- [Input data]:
* * * * *
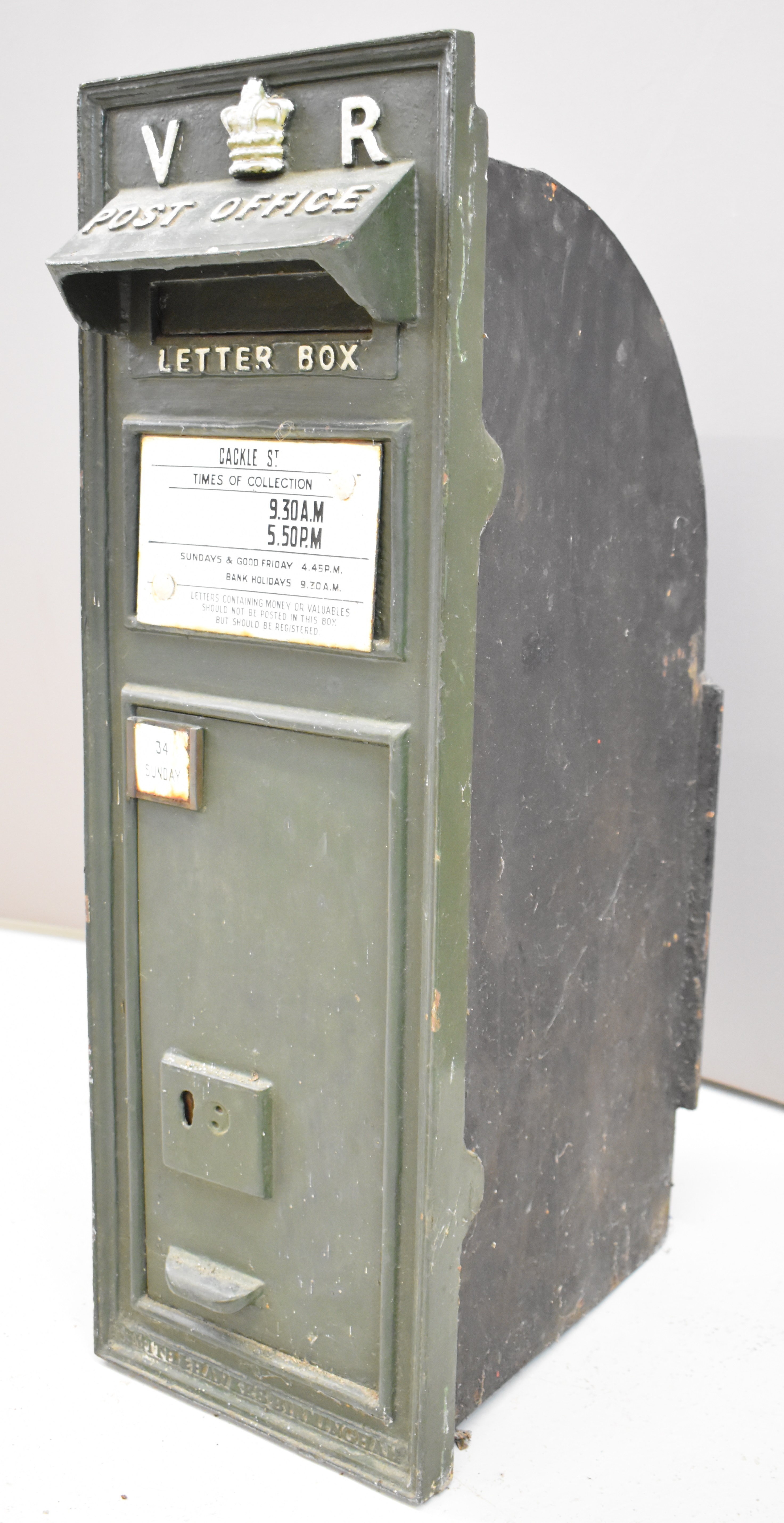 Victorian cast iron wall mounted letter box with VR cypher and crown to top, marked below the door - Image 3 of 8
* * * * *
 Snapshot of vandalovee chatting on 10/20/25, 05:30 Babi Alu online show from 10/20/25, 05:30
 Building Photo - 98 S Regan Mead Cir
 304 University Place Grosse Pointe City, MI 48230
* * * * *
- [Work request]: From the material above, set down exactly the lines starting at the one with "Snapshot of vandalovee" and ending at the one with "304 University Place", end lines included.

- [Your solution]:
 Snapshot of vandalovee chatting on 10/20/25, 05:30 Babi Alu online show from 10/20/25, 05:30
 Building Photo - 98 S Regan Mead Cir
 304 University Place Grosse Pointe City, MI 48230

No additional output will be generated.